A Conversation with Werner Vogels
JG = Jim Gray, WV = Werner Vogels
http://queue.acm.org/detail.cfm?id=1142065
JG: Can you crystallize what you’ve learned from this? If you had to list three to five lessons learned, what would you say?
WV: The first and foremost lesson is a meta-lesson: If applied, strict service orientation is an excellent technique to achieve isolation; you come to a level of ownership and control that was not seen before. A second lesson is probably that by prohibiting direct database access by clients, you can make scaling and reliability improvements to your service state without involving your clients. Other lessons are related to how you access services: If you want to be able to aggregate services easily, if you want to insert advanced infrastructure techniques such as decentralized request routing or distributed request tracking, you need a single unified service-access mechanism.
Another lesson we’ve learned is that it’s not only the technology side that was improved by using services. The development and operational process has greatly benefited from it as well. The services model has been a key enabler in creating teams that can innovate quickly with a strong customer focus. Each service has a team associated with it, and that team is completely responsible for the service—from scoping out the functionality, to architecting it, to building it, and operating it.
There is another lesson here: Giving developers operational responsibilities has greatly enhanced the quality of the services, both from a customer and a technology point of view. The traditional model is that you take your software to the wall that separates development and operations, and throw it over and then forget about it. Not at Amazon. You build it, you run it. This brings developers into contact with the day-to-day operation of their software. It also brings them into day-to-day contact with the customer. This customer feedback loop is essential for improving the quality of the service.

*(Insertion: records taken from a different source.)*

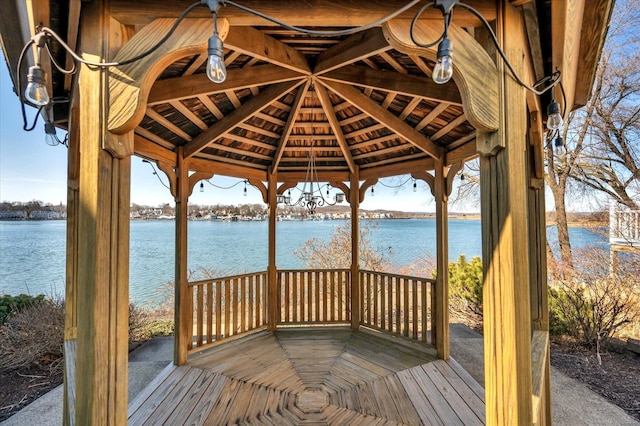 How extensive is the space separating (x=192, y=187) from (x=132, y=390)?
243 centimetres

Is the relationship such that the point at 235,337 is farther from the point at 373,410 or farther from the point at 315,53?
the point at 315,53

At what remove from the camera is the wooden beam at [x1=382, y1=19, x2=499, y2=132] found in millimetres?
1317

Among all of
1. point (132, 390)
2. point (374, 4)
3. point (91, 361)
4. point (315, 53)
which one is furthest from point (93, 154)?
point (132, 390)

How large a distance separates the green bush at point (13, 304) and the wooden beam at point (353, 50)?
214 inches

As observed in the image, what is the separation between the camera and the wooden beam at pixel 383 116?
2822mm

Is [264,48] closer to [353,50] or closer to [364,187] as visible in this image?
[353,50]

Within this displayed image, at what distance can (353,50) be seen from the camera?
82.1 inches

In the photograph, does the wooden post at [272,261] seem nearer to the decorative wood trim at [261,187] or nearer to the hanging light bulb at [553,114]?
the decorative wood trim at [261,187]

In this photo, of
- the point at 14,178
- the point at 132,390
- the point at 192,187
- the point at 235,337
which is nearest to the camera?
the point at 132,390

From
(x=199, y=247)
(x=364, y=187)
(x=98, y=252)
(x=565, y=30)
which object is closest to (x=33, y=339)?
(x=98, y=252)

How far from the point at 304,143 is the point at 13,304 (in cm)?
500

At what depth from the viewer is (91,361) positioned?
128 centimetres

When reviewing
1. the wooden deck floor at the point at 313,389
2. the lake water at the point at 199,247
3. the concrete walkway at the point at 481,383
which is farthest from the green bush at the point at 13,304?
the wooden deck floor at the point at 313,389

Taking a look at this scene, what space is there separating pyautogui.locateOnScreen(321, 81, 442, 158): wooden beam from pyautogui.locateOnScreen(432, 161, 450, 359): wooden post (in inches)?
11.5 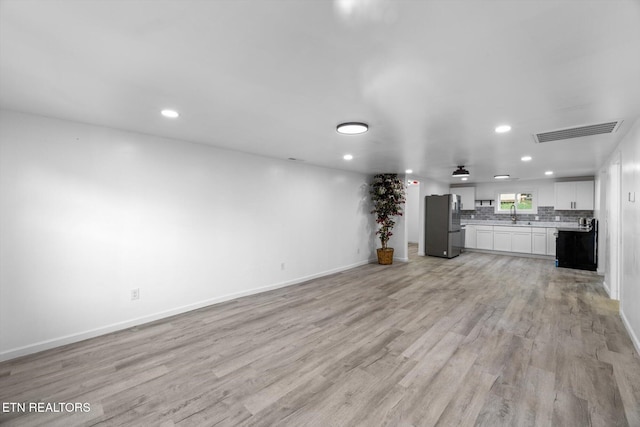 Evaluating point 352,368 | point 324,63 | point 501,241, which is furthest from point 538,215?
point 324,63

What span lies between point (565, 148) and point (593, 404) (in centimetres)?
339

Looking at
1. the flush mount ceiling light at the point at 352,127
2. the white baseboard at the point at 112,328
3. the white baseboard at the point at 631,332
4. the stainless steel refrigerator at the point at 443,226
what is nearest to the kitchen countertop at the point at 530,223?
the stainless steel refrigerator at the point at 443,226

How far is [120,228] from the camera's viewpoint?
313cm

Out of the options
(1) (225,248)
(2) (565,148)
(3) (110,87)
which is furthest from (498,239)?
(3) (110,87)

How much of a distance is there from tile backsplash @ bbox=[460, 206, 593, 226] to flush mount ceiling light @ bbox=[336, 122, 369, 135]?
785 centimetres

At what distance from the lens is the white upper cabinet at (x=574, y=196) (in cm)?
701

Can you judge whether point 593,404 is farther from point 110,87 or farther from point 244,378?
point 110,87

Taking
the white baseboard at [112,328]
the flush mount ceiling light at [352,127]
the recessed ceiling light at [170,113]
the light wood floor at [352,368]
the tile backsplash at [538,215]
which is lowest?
the light wood floor at [352,368]

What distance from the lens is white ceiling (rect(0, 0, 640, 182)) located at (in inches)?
49.0

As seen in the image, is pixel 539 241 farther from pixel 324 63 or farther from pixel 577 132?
pixel 324 63

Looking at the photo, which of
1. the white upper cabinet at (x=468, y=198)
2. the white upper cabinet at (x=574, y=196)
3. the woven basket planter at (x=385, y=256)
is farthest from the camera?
the white upper cabinet at (x=468, y=198)

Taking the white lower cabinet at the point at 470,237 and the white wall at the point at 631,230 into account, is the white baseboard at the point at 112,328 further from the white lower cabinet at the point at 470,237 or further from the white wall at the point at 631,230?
the white lower cabinet at the point at 470,237

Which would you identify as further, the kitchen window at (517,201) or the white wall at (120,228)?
the kitchen window at (517,201)

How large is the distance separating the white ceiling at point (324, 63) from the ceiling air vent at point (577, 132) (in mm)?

JG: You spend a fair amount of time recruiting. What’s your recruiting strategy? How do you decide if somebody should work at Amazon?
WV: The Amazon development environment requires engineers and architects to be very independent creative thinkers. We are building things that nobody else has done before, so you need to be able to think outside the box. You need to have a strong sense of ownership, because in the small teams in which you will work at Amazon, your colleagues will count on you to pull your weight—especially when it comes to operating the service that you have built. Can you take responsibility for making this the best it can be?
A very important point is whether candidates think the right way about customers and technology. Technology is useless if not used for the greater good of serving the customer. We are a strongly customer-oriented company, and we often use the “working from the customer backwards” approach. This means that in your thought process, you start with the customer and work your way backwards until you have found the simple and minimal technology that you need to satisfy the new customer requirement. It is important that engineers who come to work at Amazon understand that we do not build technology for technology’s sake, but to support the customer.
JG: You spent time at universities. What do you think about what they’re doing now?
WV: Different groups at Amazon interact with academia. Often a service needs to develop new revolutionary technology from scratch, and they will look at who in the research world worked on these topics before and who can help out.
As an example, at the infrastructure level we are building several systems that are a synthesis of some of the very exciting decentralized computing work that has rocked the operating systems and distributed systems world in the past few years. But we are finding that much of the academic technology is just not complete enough to be applied in real-life systems, as incomplete assumptions were often made. This may have been OK in an academic setting as it allowed for technology evaluation in isolation, but it just doesn’t work in real-world engineering. The limitations of the physical world mean you have to work under certain constraints, regardless of how you would like it to be.
This requires us to do a lot of advanced development to fill in the gaps that these research technologies left behind. As a reward for this extra effort, we do end up with technologies that are extremely robust and are simple to deploy and manage.
JG: Can people in academia help Amazon? What would you say about the current university situation?
WV: I realize that it’s hard in academia to do research at the scale of operation that Amazon requires. So we don’t look to academia to solve those challenges for us. We’re building data sets here at Amazon, however, to provide to academics so that we can get interactions going on some of the issues where they can contribute.
We have a number of internships and sabbatical positions where Ph.D. candidates, as well as professors, can spend some time in a very high-tech production environment. I really urge students to take at least one internship in a nonresearch environment, so that they can start to understand what it means to be effective inventors and how to develop technologies that can be used to build production systems. Doing your research at a research lab is certainly fascinating, but I find that the students who have come to Amazon for an internship find it extremely gratifying to be in the loop of building something real.
I have recently seen a few papers of students detailing experiences with building and operating distributed systems in a planet-lab environment. When analyzing the experiences in these papers, the main point appears to be that engineering distributed systems is an art that Ph.D. students in general do not yet possess. And I don’t mean reasoning about hardcore complex technologies—students are very good at that—but building production-style distributed services requires a whole set of different skills that you will never encounter in a lab. These are skills your professor can’t teach you because he or she never worked outside the lab either. If you really want to learn about building complex robust distributed services, an internship at Amazon will definitely give you that.
The same goes for the few professors who have spent some of their sabbaticals at Amazon. It has been eye-opening for them, and we welcome more of them.